Trevelyan clapped me on the back as if I had passed a test. We discussed in further detail how the will would be reconfigured and he coolly instructed me to draw up the necessary amendments. The movement in my peripheral vision was only the murder of crows.

He told me he'd like the original Kandinsky back and I informed him the firm knew how to deal with these matters. A man with no return address would talk to the second Mrs. Trevelyan, glean the details of the transaction, and, if Trevelyan was willing, pay off his soon-to-be-ex-wife's debt in order to retrieve the painting. Yes, these guys exist and some of them work for top law firms. No one's arm gets broken but order is restored. His eyes sparked when he heard this. He'd write the check.

Saying goodbye in front of the house a few minutes later, he assured me that I had a dazzling future. “It was gutless of Simonson to send you to do his dirty work. You'd think the thousand-dollar-an-hour guy would have the balls to do it himself.”

There was nothing to be gained by agreeing so I offered what I hoped was an enigmatic expression. Was Spaulding going to perform a curtain call? I glanced nervously around waiting for her to spring from behind a shrub.
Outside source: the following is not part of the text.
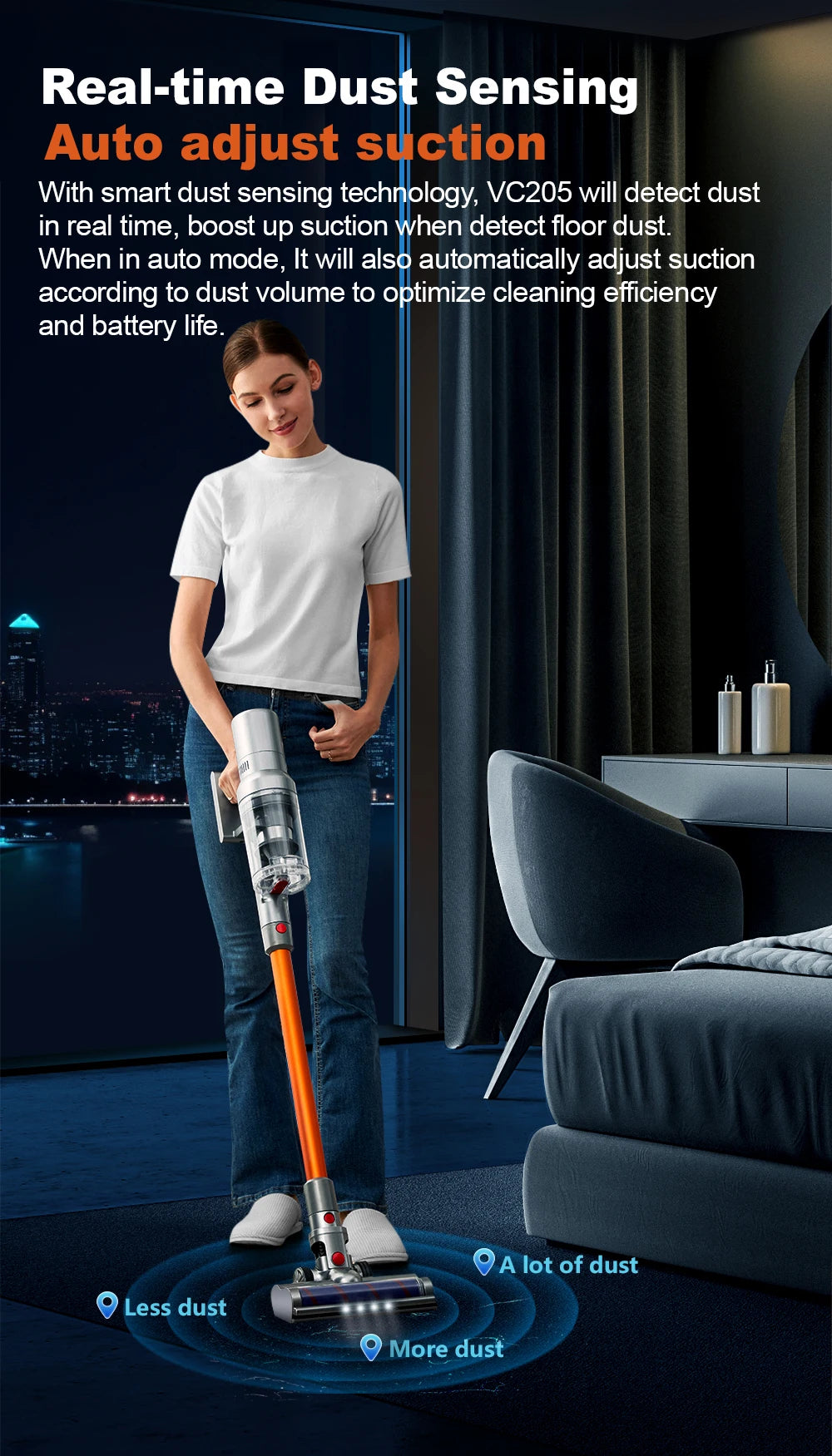 Tidesmit VC205 cordless vacuum with smart dust sensor, touch screen control, and powerful 27000PA suction performance.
Trevelyan said that if there was ever a favor he could do,
any
kind of favor, I should not hesitate to ask.

“Take the jet to Bermuda for the weekend sort of thing.”

“I could never do that.”

“You're a gentleman, Mr. Best. Don't let it stop you. Be bold!”

Briefly I considered discussing the establishment of the Best Foundation but as it only existed in my mind's eye could not steel myself for The Ask. Being bold was a challenge for me. Trevelyan clapped me on the back again, wheeled, and strode back into his house, a man with things to do. As we drove off the property I asked Joseph if he had any idea where Spaulding was.